The Arjun MK1A is an improved version of the MBT Arjun that has 72 major and minor changes to increase combat efficiency. The Arjun MK1A was officially approved into service by the Indian Armored Force after a successful final test earlier this year, west of the Rajasthan test range. Arjun is a third-generation MBT that India has been developing since 1972, when this project was considered to be the most advanced in the world due to the recent appearance of the third-generation Soviet MBT, the T-64, and the ongoing development of well-known MBTs like the T-72, Leopard 2, and M1 Abram. Arjun was, so to speak, a cutting-edge endeavour at the time.

India invested Rs 500 million to construct two Arjun tank prototypes by the beginning of the 1980s, and the process up to this point had not been particularly slow. The Arjun programme, however, was stuck in the never-ending muck of India’s weapons development programmes after the prototype was built, and as time went on, the tactical requirements for Arjun grew more and more out of date.

The tank wasn’t given the go-ahead by the Indian government for scale production at the Arwadi Tank Arsenal defence project until 1996. Arjun initially intended to arm himself with a British 105 mm L7 spiral gun before switching to a NATO-compliant 120 mm smoothbore cannon. The MTU 838Ka-501 diesel engine, which was made in Germany, is still used in the Arjun tank, despite India’s claims that 90% of its components were produced there. The powertrain is provided by the Renk Mansell company.
Given India’s current capacity, it is unclear when India will be able to replace the German engine with a 1,500 horsepower domestic engine.
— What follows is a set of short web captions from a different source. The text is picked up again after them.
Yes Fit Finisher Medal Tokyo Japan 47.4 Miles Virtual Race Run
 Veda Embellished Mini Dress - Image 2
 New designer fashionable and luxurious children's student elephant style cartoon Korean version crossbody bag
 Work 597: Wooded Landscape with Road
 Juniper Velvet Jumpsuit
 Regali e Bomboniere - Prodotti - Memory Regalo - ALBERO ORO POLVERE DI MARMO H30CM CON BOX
When compared to the MBT T-72 and T-90 in the Indian Army’s service, the 124 Arjun MK1s purchased by the Indian Army are only a very small portion of the total. The purchase of the Arjun MK1 may be considered a “charity” gesture for the Indian defence industry. According to Indian media, 75% of the 124 Arjuns were not prepared for battle because to a lack of spare parts and poor maintenance. The updated Arjun major combat tank is reportedly priced at $6.4 million, which is significantly more expensive than the average export price of a Russian-built T-90 main battle tank, which is 2.5 million USD.

In addition, the military predicts that, in the absence of mass production, the Arjun’s price might increase to more than $8 million, easily surpassing that of the Japanese MBT Type 90 and making it the most costly main battle tank in history. It is challenging to determine whether or not these enhancements are having a positive impact. As you can see, Indian designers insist on “just adding and not subtracting,” so the Arjun’s overall weight is constantly rising when compared to the original prototype tanks.

The Arjun, which had previously been ranked #1 in the world in terms of weight, gained weight when all 72 modifications were placed on it, requiring the designers to further enhance the tank’s capacity. India’s roads and bridges can hardly support the weight of this MBT due to the load of the suspension on the wheel axles. The updated MK1A Arjun tank, according to Indian media, will be able to compete with the top MBTs in the world, such as the US M1A2, Russia’s T-90A, or China’s Type 99A. Some military observers believe it’s probable that the Indian Army will have to agree to outfit a few Arjun MK1As due to pressure from Indian politicians;

Because India previously agreed to pay Russia $1.2 billion in technology transfer fees so that it can continue to produce 464 T-90S tanks, bringing the number of T-90S in the Indian Army to nearly 1,000 units, and Arjun is still the unfulfilled dream of more than 40 years of Indian defence industry, it is possible that the Indian Army will not use the Arjun MK1A as the backbone of its armoured force.